Not in the frequently misquoted Romans 8:28. But in the images around that sentence.

For many years, Polly has been unable to speak of God, or really of anything. Yet, even as Polly was cognitively unaware of the Holy Spirit, the Holy Spirit did not stop interceding on her behalf. Paul talks about the Holy Spirit praying for us, with wordless groans, asking things which are right in the middle of the will of God.

Paul means moments like now, when our hearts are confused about whether to be relieved or sad, and so we cry out “God help”, and the Spirit makes sense of it.

But Paul also means years when God’s people cannot make sense of anything, like Polly and my mom in the middle of their Alzheimer’s. They are still God’s people. And God’s spirit was still present in Polly, still interceding when she was not, could not.

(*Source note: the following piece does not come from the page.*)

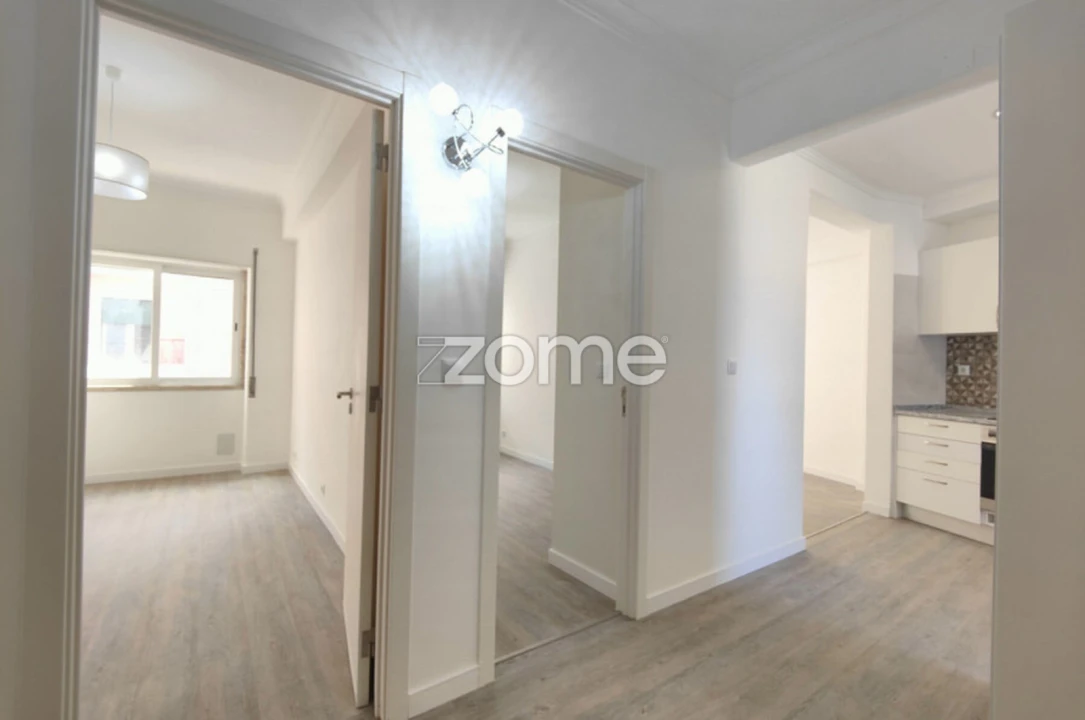 Apartamento T2 para Venda em Arroios Foto 4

As the Father searched her heart, he heard the Spirit saying, “Polly is still yours.” and as He searched her heart he knew the mind of the Spirit which is eternally sound. She was, we could say, still in his right mind.

And even as she forgot to talk about Jesus, Jesus did not forget to talk about Polly.  As Paul goes on in Romans 8 to say, Jesus is at the right hand of the Father, pleading our case, offering his wounds, rejoicing in us.

Polly was, like each of us, all the talk of the Trinity.